Sonoma County Food and Wine Pairing
Many Sonoma County wineries are stepping up their wine and food pairings—from cheese plates and small bites to sumptuous five course mini-meals—to highlight this region's sustainable relationship to the land. The fun lies in tasting how the flavors of the place interact between the offerings on your plate and in your glass. Learning about food pairing is a puzzle to enjoy solving, as travel expert Emily Kaufman shows us in her Wine, Two, Three series.
Learn about Sonoma County Wine and Food Pairing with The Travel Mom
Seghesio Family Vineyards knows Zinfandel. The winery was founded during the original heyday of California Zinfandel, in 1895, by Edoardo Seghesio, who came to work at the Italian Swiss Colony (a few wine lovers may still recall the winery from touring in the 1960s, or from TV commercials). And they know food—that’s their Italian heritage! Today, Seghesio’s Sonoma County Zinfandel is one of the most popular wines seen on Sonoma County wine lists and elsewhere, but ideal food pairing can be found right in the tasting room: the winery’s executive chef, Peter Janiak, helped to create a Zinfandel mustard, Zinfandel barbecue sauce, and an artichoke and piquillo pepper tapenade, specifically to pair with their Zinfandel wines. They are delicious, one of a kind, and available for purchase at the tasting room in a tree-shaded setting just north of downtown Healdsburg.
Zinfandel with barbecue, that’s easy, one might say. But what about cured California sturgeon with garden-fresh radish? Kendall-Jackson Wine Estate and Gardens has got that covered, with their five-course wine and food pairing. Although the food pairing creations, arriving on a small platter to complement a few of KJ’s more limited-release wines, at first look just a size up from an amuse-bouche, they’re intricately, flavorfully designed by longtime KJ chef Justin Wangler, and contain seasonal highlights grown onsite by head gardener Tucker Taylor. A recent course included roasted salmon, artichoke barigoule, and sorrel aioli paired with Chardonnay—probably easier to enjoy the synergy of food and wine than to pronounce the whole menu!
Small plates add up at J Vineyards’ Bubble Room. Beloved locally for their distinctively packaged Sonoma County sparkling wines, including the popular “J Cuvée 20,” J Vineyards was also an early innovator in the small bites scene, employing the culinary arts to show off their wines.
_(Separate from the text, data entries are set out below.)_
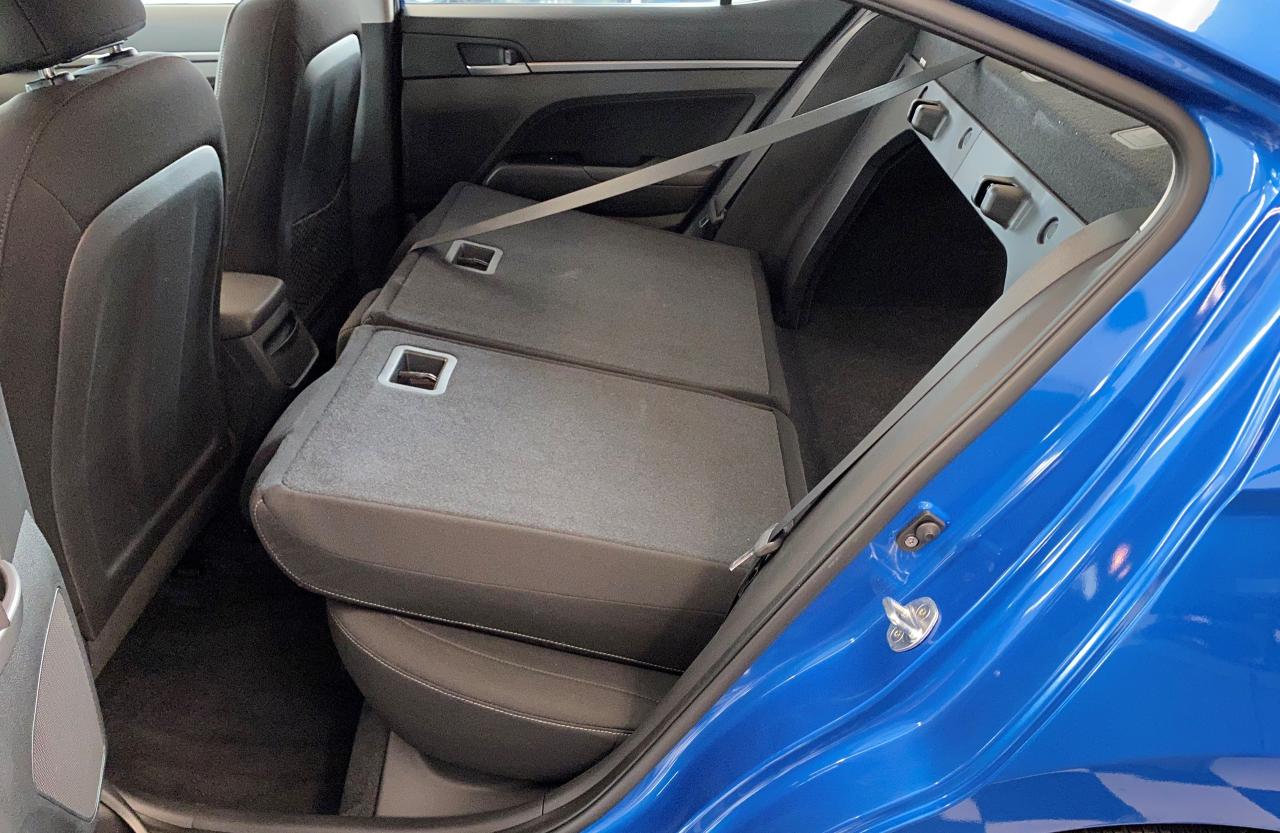 2018 Hyundai Elantra GL+Camera+Blind Spot+Heated Seats+Steering+Carplay Photo24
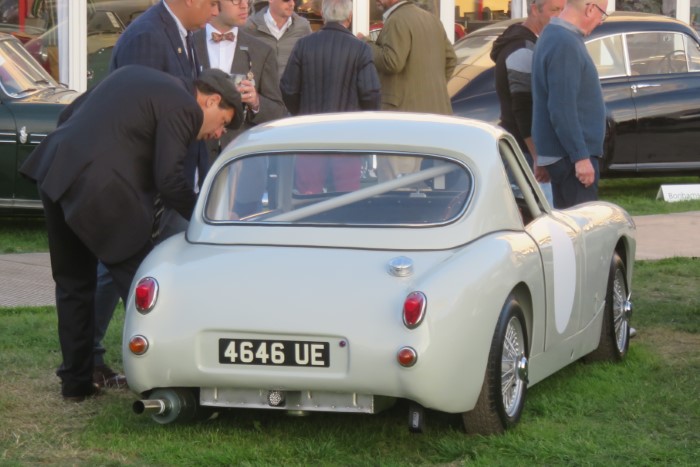 Name:  218_0907_1509 Austin Healey.JPG
Views: 651
Size:  90.4 KB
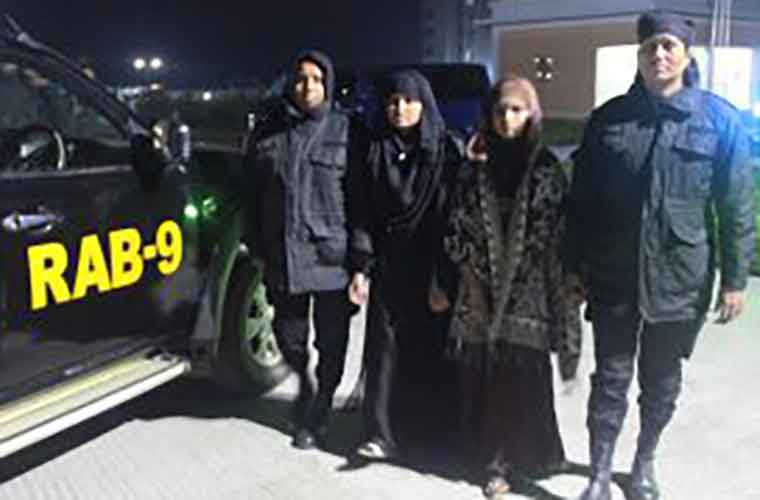 ৭৮৫ পিস ইয়াবাসহ মা-মেয়ে আটক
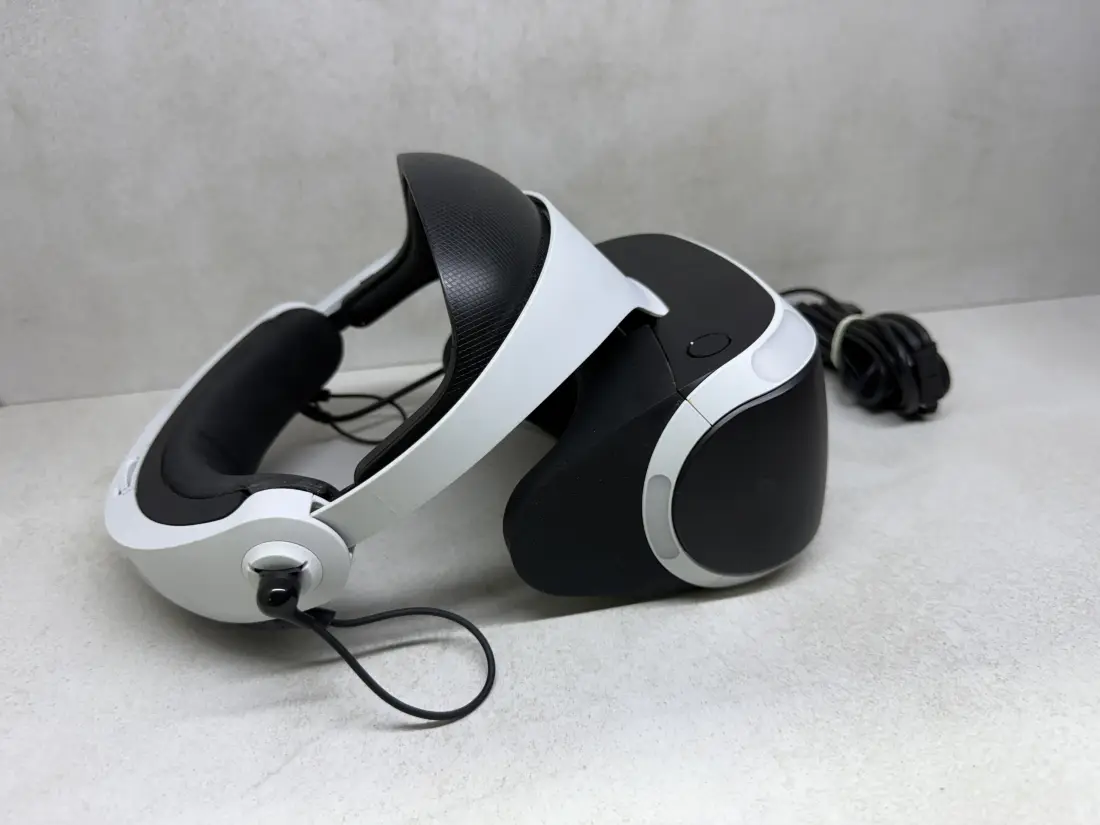PS4 VR V2 > Headset / + Kamera V2 + Postolje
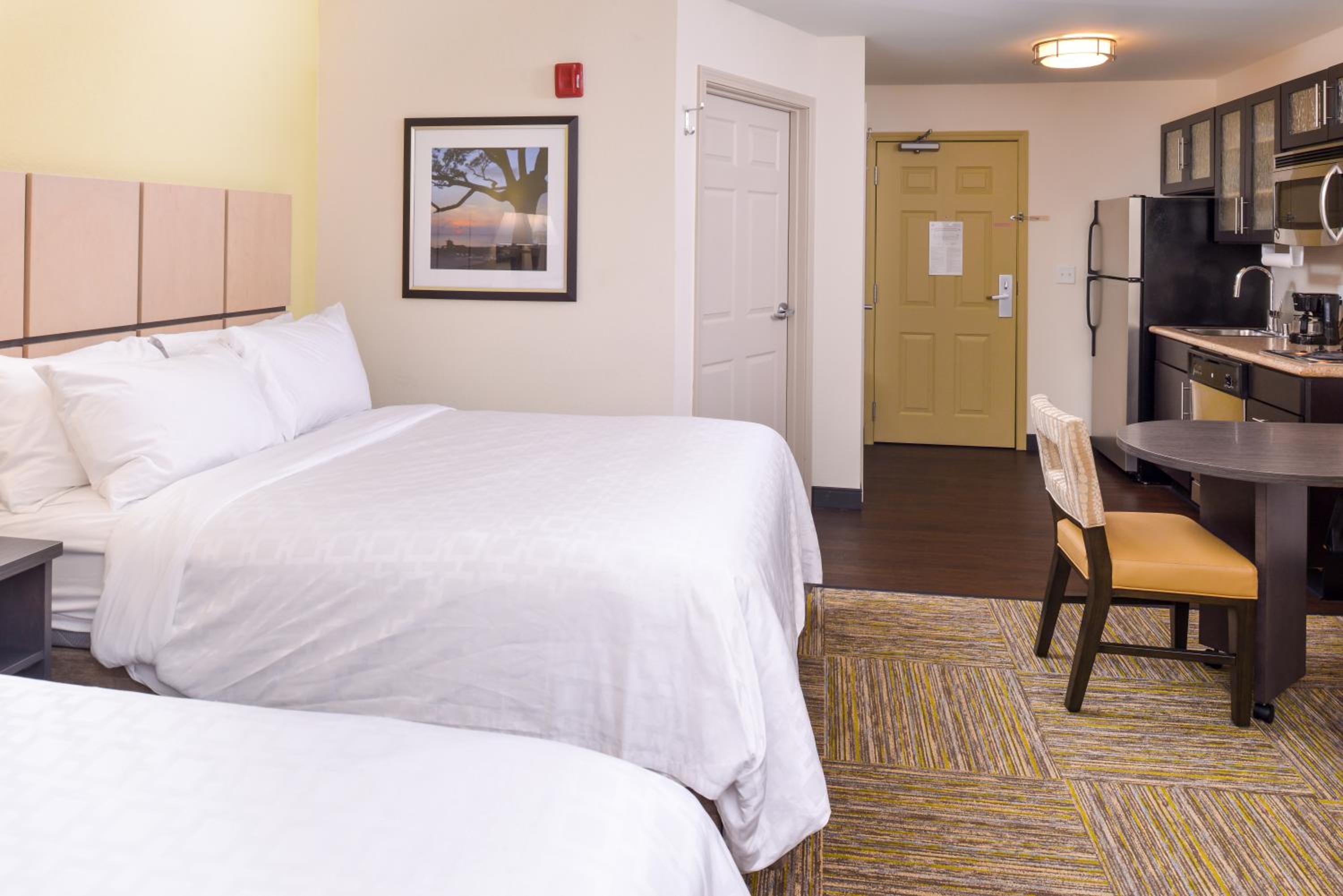 Studio Suite with Two Queen Beds and Communications Accessible Tub - Photo 5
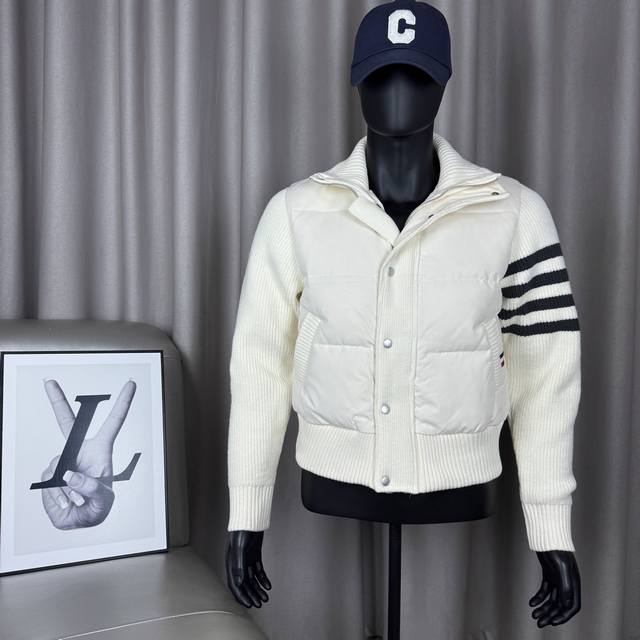 Exclusive Premium Tom Browne TB Four-Stripe Stand Collar Wool Knit Patchwork Dow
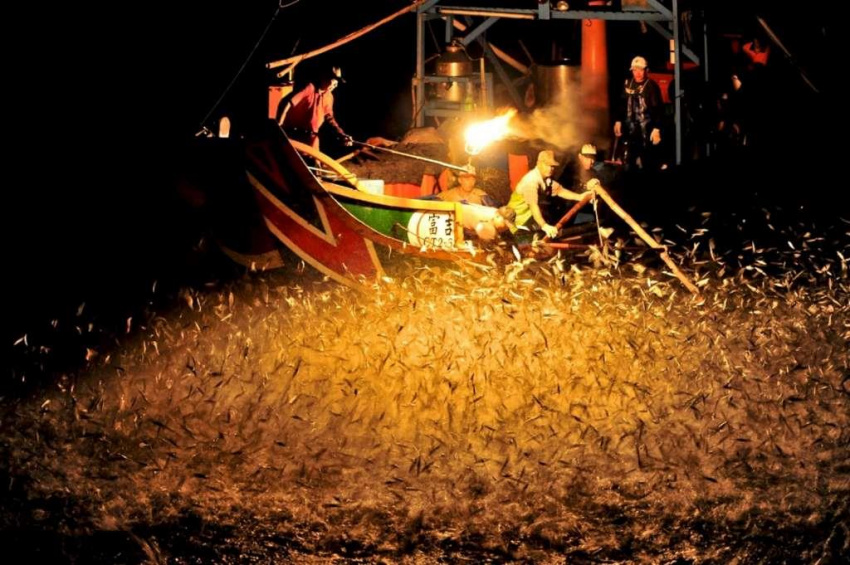 Nghề đánh cá truyền thống bằng lửa ở Đài Loan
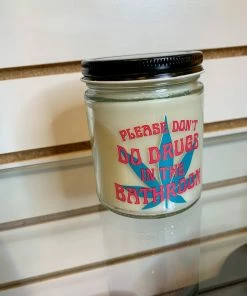 OnFemme By Lindsey's Kloset NEW IN Don't Do Drugs In The Bathroom Candle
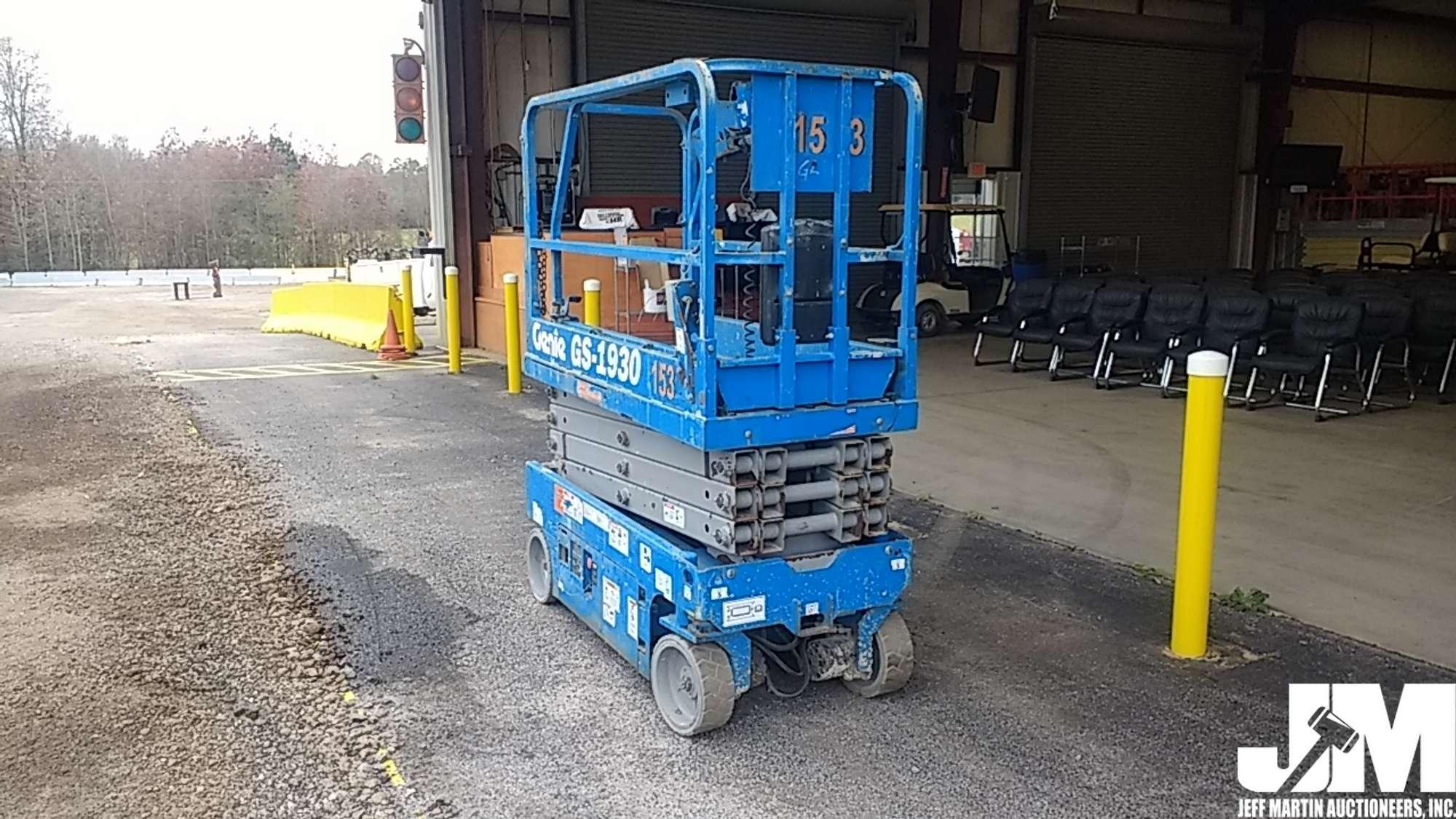 2013 GENIE GS-1930 SCISSOR LIFT SN: GS3013A-118292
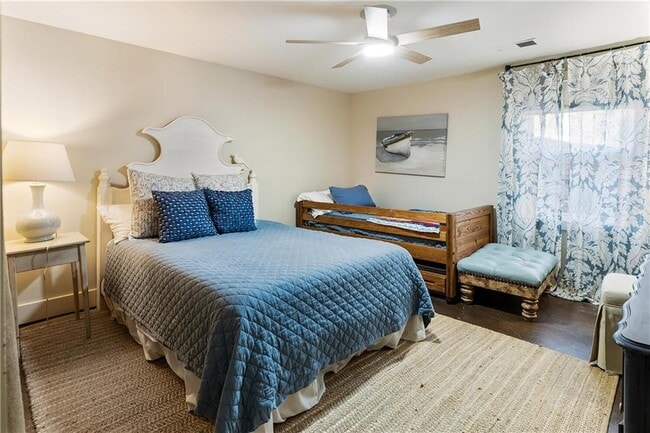 Building Photo - 4035 Lacey Dr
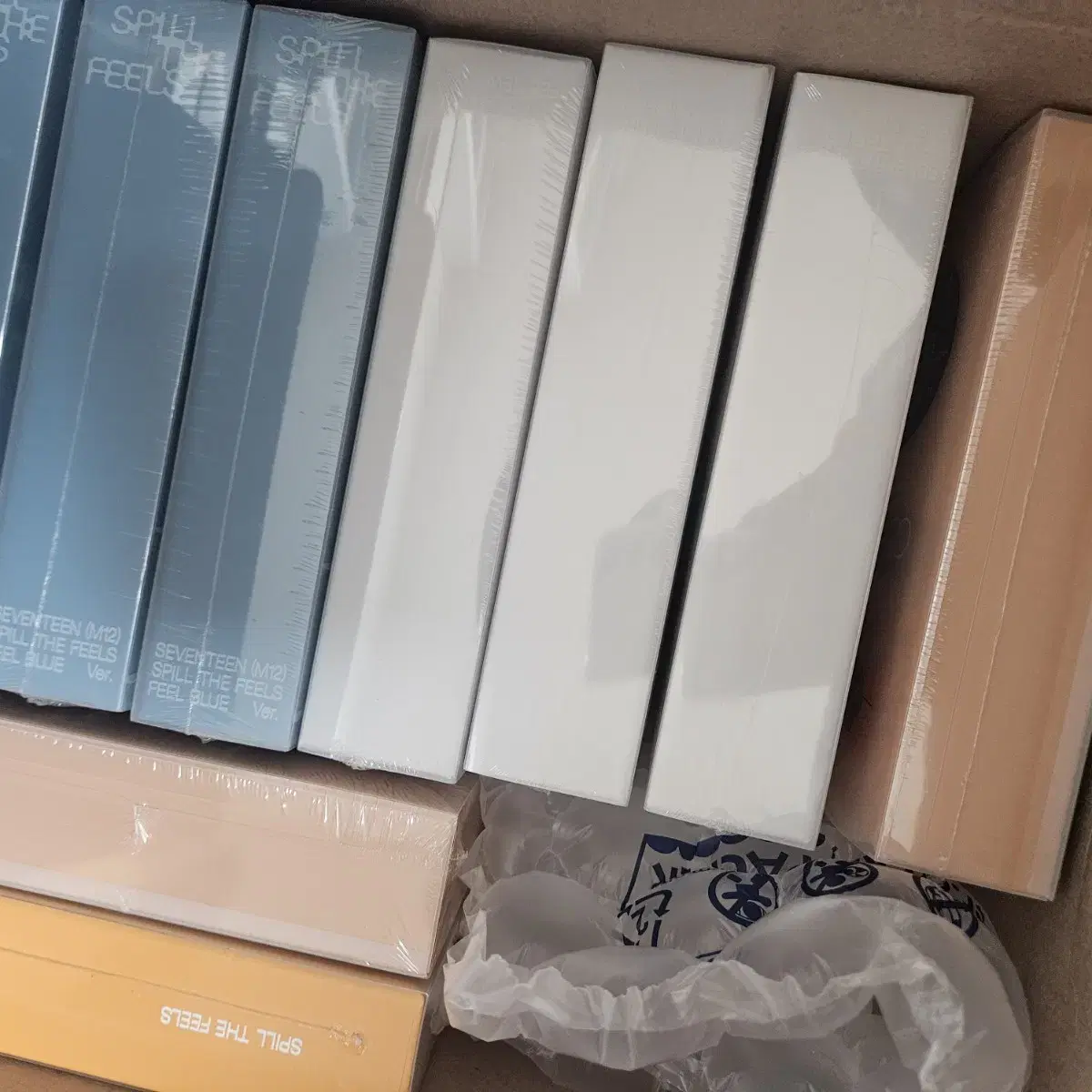 (1 white left) seventeen spill the feels unsealed album wts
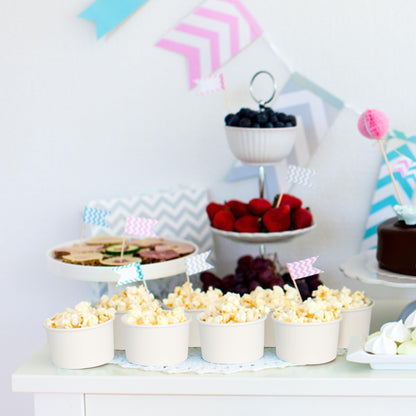 ESSENTIAL Paper Ice Cream Cups, 50pcs 8oz Disposable Dessert Bowls for Hot or Cold Food, Paper Snack Containers for Sundae, Frozen Yogurt, Soup (White)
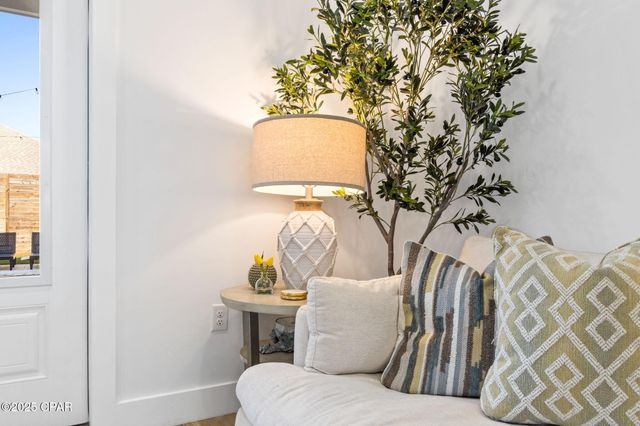 7028 Thomas Drive, Panama City Beach, FL 32408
While the Bubble Room and J’s other food pairing options cannot be considered a restaurant, you may certainly think of the one-to-two-hour seating tasting as lunch by any other name.
The treats start before the first course is served, with an amuse-bouche (delightfully translated from the French, “mouth-amuser”) like, perhaps, triple-breaded fried squash blossom. Next up, a tender slab of white sturgeon ringed with tiny cubes of radiantly green “toad skin” melon topped with caviar and garnished with nasturtium. Second course may find a leg of rabbit, raised just a few hops away at a heritage rabbitry in Sebastopol, mingling with chanterelle and black garlic. Vegetarians need not miss out on wheat berries and leathery winter truffles in the third course, and they’ll get roasted eggplant as a substitute for medium-rare beef ribeye and tongue. The kitchen is happy to accommodate other dietary restrictions.
There are many other food and wine pairing opportunities like this offered at Sonoma County wineries, and they deliver much enjoyment for only a modest multiple of the regular tasting fee. They may even break a few wine and food pairing “rules” you may have heard about—even more inspiration to bring a bottle or two of Sonoma County wine home, and start experimenting in the kitchen.